Until then, as faithful person (or community) more ancient than I has said:

Lord, have mercy
Christ, have mercy
Lord, have mercy

Glory be to the Father, and to the Son, and to the Holy Spirit: as it was in the beginning, is now and will be forever. Amen

This Holy Mystery: Our Misplaced Methodist Identity (Finale?)

Let me begin by thanking everyone who has engaged me in this soapbox discussion via Twitter, Facebook, and this site. Good points are usually never put forth and articulated by a lone thinker. It takes a community to find good ideas and carve them into a shape that best fits a particular context in a particular time and space.

To recap, we have discussed the lack of a common Eucharistic Theology in the modern Methodist Church. And we’ve also discussed a basic theology of worship and how we misinterpret this as an issue of style.

Connecting the Threads
For a moment, let me attempt to address a question I raised in a previous post (and may have not been entirely clear in answering): What does it mean to worship? Plain and simple, we miss the true meaning of worship any time worship is seen as a means to an end. When worship is constructed as a means to an experience, or maybe worse, a evangelistic means to grow our churches, we have missed the mark. So how can we define worship correctly?

Definitions of Worship
Pope Pius X speaks of worship as “the glorification of God and the sanctification of humanity.” Irenaeus would add that the “glory of God is humanity fully alive.” This does not mean alive for a momentary “worship high” nor does it mean being alive in the so-called traditions of worshipping “like we’ve always done it.” It means that through regular corporate worship, we are transformed by affirming our identity as the Body of Christ. Slowly but surely our identities are changed through the regular practice of worship. Worship is not about creating experiences for participants, but rather about creating space where divine experiences can happen as acts of grace through the power of the Holy Spirit. Therefore, style takes a back seat to substance and regular practice.

Why Weekly Eucharist?
If the Eucharist is the visible symbol of the incarnation, and the means by which we gather together to share in the grace given through such a mystery, it is only logical to practice the sacrament as often as we can.

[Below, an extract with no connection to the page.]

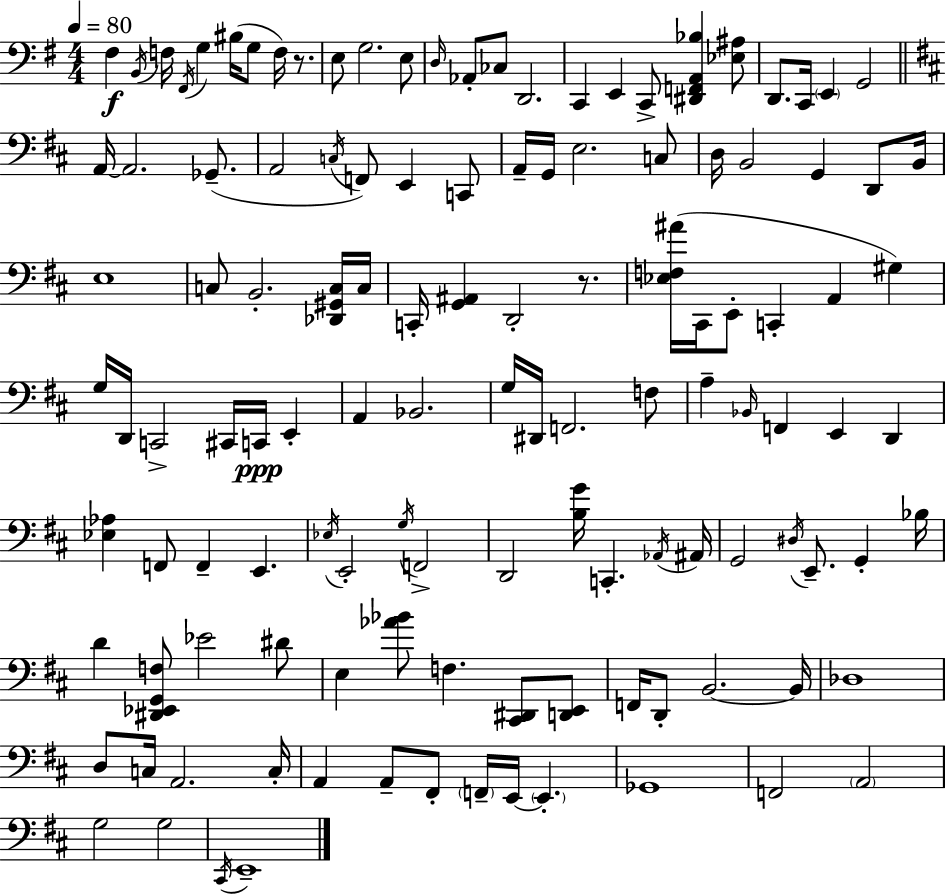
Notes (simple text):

F#3/q B2/s F3/s F#2/s G3/q BIS3/s G3/e F3/s R/e. E3/e G3/h. E3/e D3/s Ab2/e CES3/e D2/h. C2/q E2/q C2/e [D#2,F2,A2,Bb3]/q [Eb3,A#3]/e D2/e. C2/s E2/q G2/h A2/s A2/h. Gb2/e. A2/h C3/s F2/e E2/q C2/e A2/s G2/s E3/h. C3/e D3/s B2/h G2/q D2/e B2/s E3/w C3/e B2/h. [Db2,G#2,C3]/s C3/s C2/s [G2,A#2]/q D2/h R/e. [Eb3,F3,A#4]/s C#2/s E2/e C2/q A2/q G#3/q G3/s D2/s C2/h C#2/s C2/s E2/q A2/q Bb2/h. G3/s D#2/s F2/h. F3/e A3/q Bb2/s F2/q E2/q D2/q [Eb3,Ab3]/q F2/e F2/q E2/q. Eb3/s E2/h G3/s F2/h D2/h [B3,G4]/s C2/q. Ab2/s A#2/s G2/h D#3/s E2/e. G2/q Bb3/s D4/q [D#2,Eb2,G2,F3]/e Eb4/h D#4/e E3/q [Ab4,Bb4]/e F3/q. [C#2,D#2]/e [D2,E2]/e F2/s D2/e B2/h. B2/s Db3/w D3/e C3/s A2/h. C3/s A2/q A2/e F#2/e F2/s E2/s E2/q. Gb2/w F2/h A2/h G3/h G3/h C#2/s E2/w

Maybe logical is a bad word. How about faithful? Practicing the Eucharist is not necessarily the measurement of our faithful worship, but it is an identity marker by which our worship is understood to most visibly and faithfully tell the story of the gospel and share in the grace of God poured out on all of humanity (note: this is one reason why an “open table” is such a powerful testimony to the inclusivity of the gospel).

Final Thoughts?
I’ve wondered lately whether it is better to push for a decision from “on high” that all Methodist congregations should practice the Eucharist every week on the Lord’s Day, or whether we should approach the issue on a congregation-by-congregation basis. I’m still not sure I have a clear answer to that one. I do know that wherever I serve, I will lovingly and firmly push that we creatively think of how to incorporate this practice on at least a weekly basis in various forms of worship. And I know more people like me who are doing this very thing in their contexts as well. At least forums like this makes sure the issue remains a conversation topic. So I guess that’s a start. I guess slowly but surely we’re inching closer to making a reality those wonderful words declaring that we, by the grace of God, “might be for the world the body of Christ, redeemed by his blood.”